Il me semble malheureusement que l’on soit dans des temps où les frontières se troublent et où l’arbitraire des politiques veut l’emporter.
( et pourquoi pas une unité nationale autour de la guerre en afghanistan tant que l’on y est ? à la facon des bushistes ou du big brother de 1984 )
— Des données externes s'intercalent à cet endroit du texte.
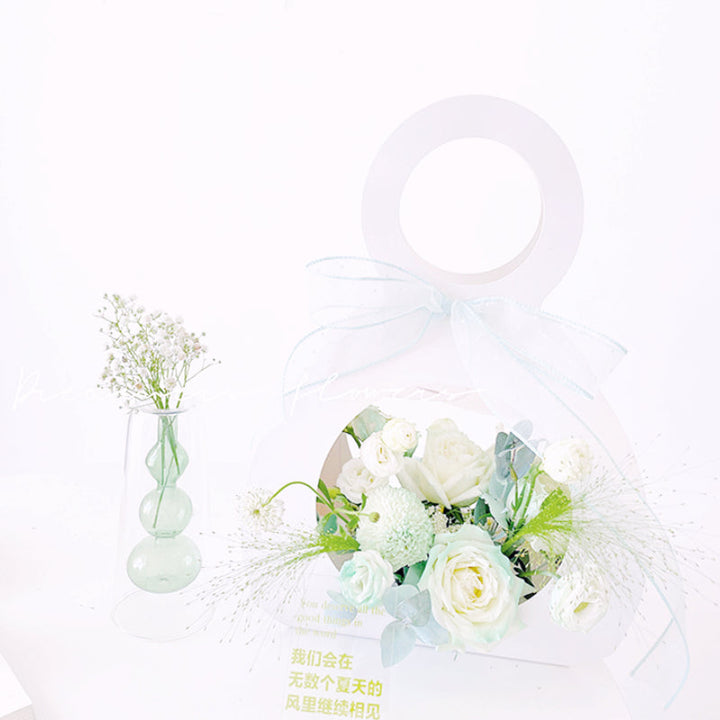 Set of 3 Korean Style Waterproof Bouquet Arrangement Box with Handle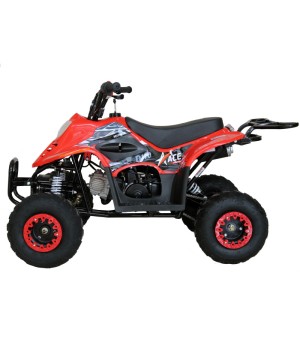 Mini Quad EGL ACE 110cc Ruota 6 - Colore Nero/Rosso - Vista Laterale Sinistra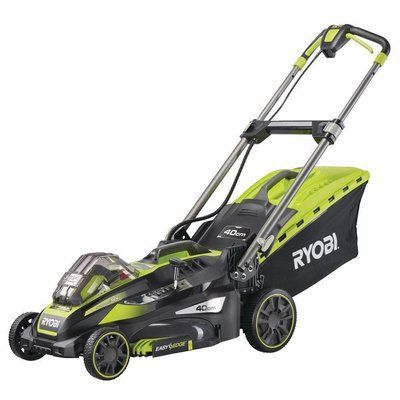 Газонокосарка Ryobi RLM36X41H50P, акумуляторна, MAX POWER 36В, 1х5.0 Аг 40 см EasyEdge, 20-70 мм, 50 л 5133002809 фото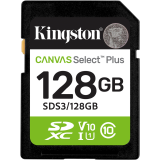 Speicherkarte 128GB SD Kingston Canvas Select Plus (SDS3/128GB)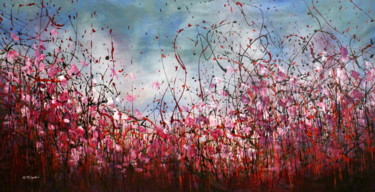 Картина под названием "Red Passion - Large…" - Cecilia Frigati, Подлинное произведение искусства, Акрил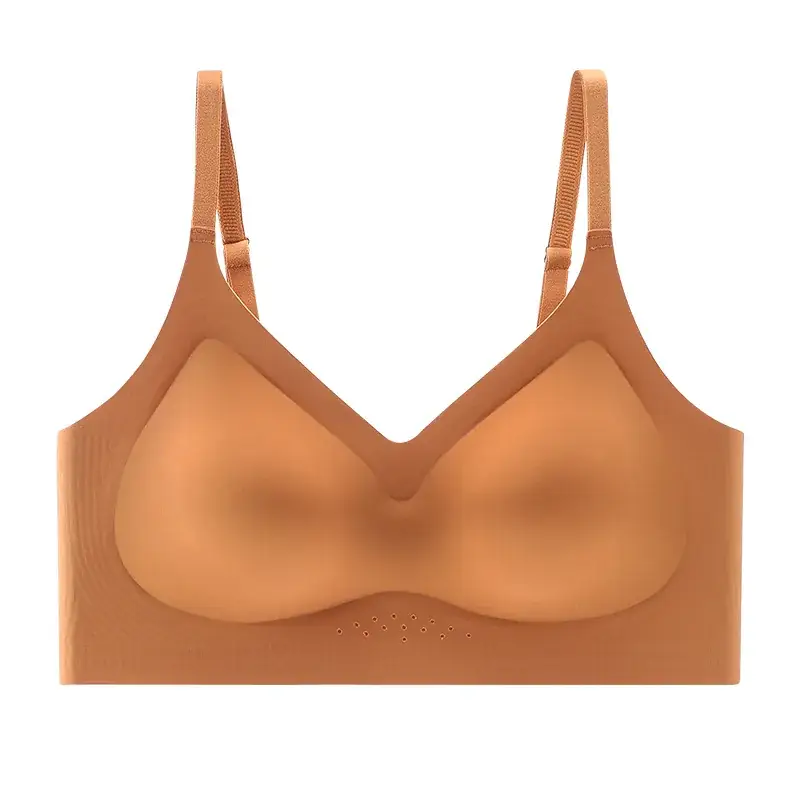 Women's Push-Up No-Steel Ring Bra Grey - Image 5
En réalité, la cour d’appel s’était mélangée les pinceaux. Elle a confondu l’exceptio veritatis (l’accusé est relaxé s’il a pu prouvé la réalité des faits diffamatoires) avec l’exception de bonne foi. Celle-ci suppose la réunion de plusieurs éléments : la poursuite d’un but légitime, l’absence d’animosité personnelle, la prudence dans l’expression et l’objectivité (le sérieux de l’enquête appréciée différemment selon le genre de l’écrit). Mais il est vrai qu’il est peut être tentant, et plus facile pour un juge, de fonder le sérieux de l’enquête sur la véracité des faits. Le sérieux de l’enquête est du ressort des moyens employés par l’auteur pour affirmer les faits de "contrôle au faciès" et non pas de leur résultat (la réalité des faits). la cour a du penser que le caractère sérieux de l’enquête pouvait être déduits des seuls faits établis.
La cour d’appel de renvoi devra donc se pencher à nouveau sur le dernier élément de l’exception de bonne foi, le caractère objectif, ou sérieux de l’enquête. On n’est pas sorti de l’auberge.